Sponsor is required (GridPP41 – XMA & Boston; GridPP40 – Dell; GridPP39 – BIOS IT; GridPP38 – Dell; GridPP37 – BIOS IT). RAL will organise, AD will discuss with LC. Themes and sessions will be considered after GridPP6 proposal has been submitted, perhaps a focus on Tier-1 service, or evolution and integration with other communities.

3) GridPP6 task update
======================

1) DC: Could you formally answer my question about location LZ support post?

DONE – LZ POST TO BE AT IC UNLESS CG OUTCOME CHANGES THINGS.

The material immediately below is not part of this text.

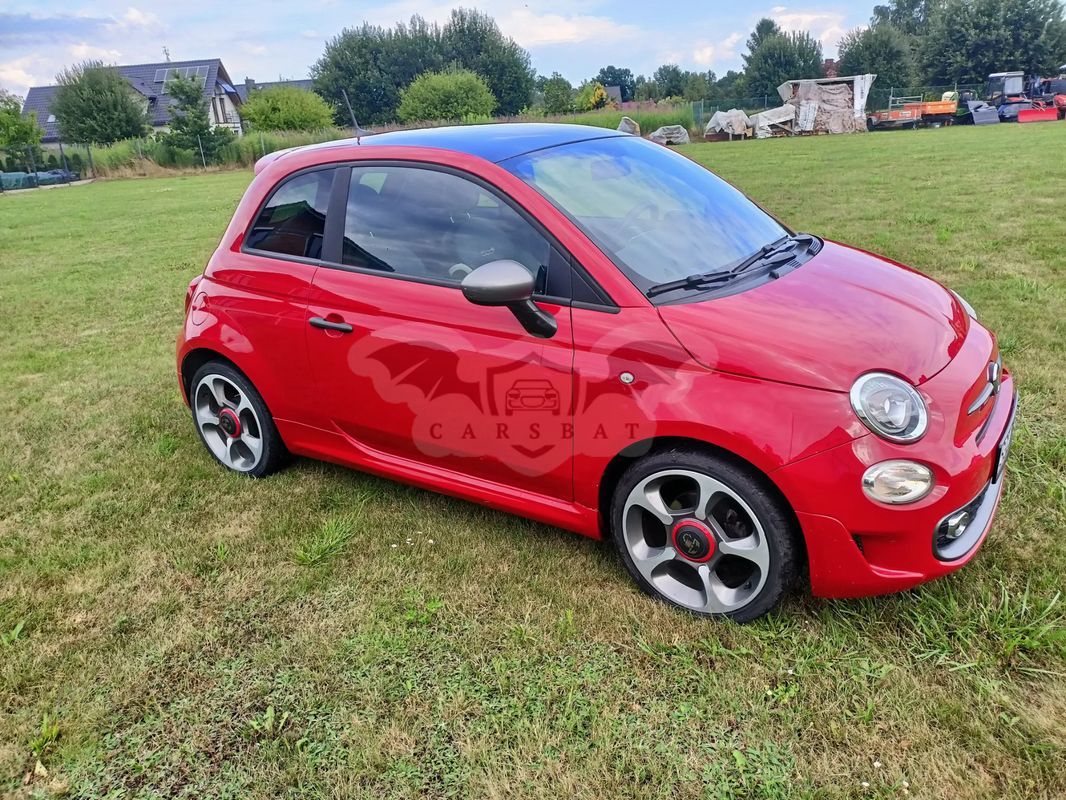 Fiat 500 1.2 Sport 2017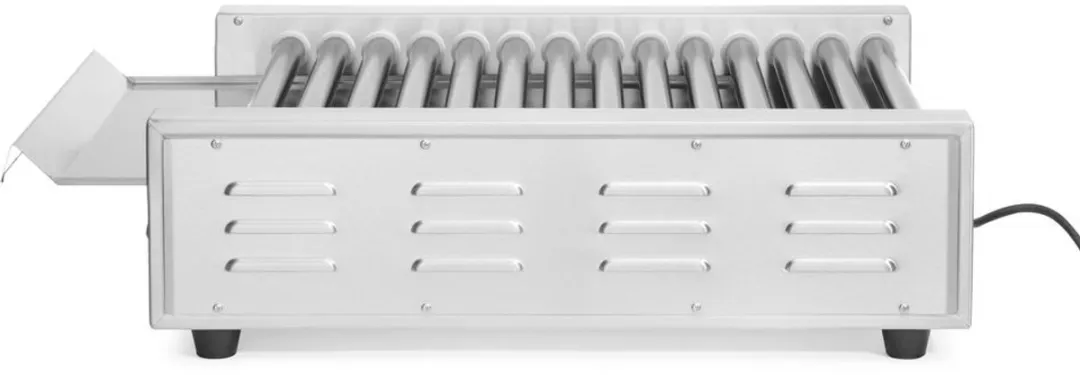 HENDI Worstenroller Grill 268735 - 1480W - 14 Rollers - RVS - afbeelding 6 van 6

2) JC: the task matrix is now extremely urgent (section 3.4) because updates to text in the subsequent section need to be consistent with matrix.

THERE IS A NEW VERSION OF TASK MATRIX – NEEDS CRITICAL REVIEW – VOLUNTEER (ED GROUP)

3) AD: section 3.5.1. needs review and possible expansion.

4) JC: need text/updates for 3.5.2 and 3.5.3 – note my margin comments DONE BUT ED-GROUP ASKED TO BALANCE SEC-3 VS SEC-5 (PG AND DB EMAILS)

5) RJ: need to review 3.6 that was extracted from your previous input (WP2)

6) DC/AM: need to review 3.6 from your side. DONE from AM

7) JC: need text for 3.7 based on matrix.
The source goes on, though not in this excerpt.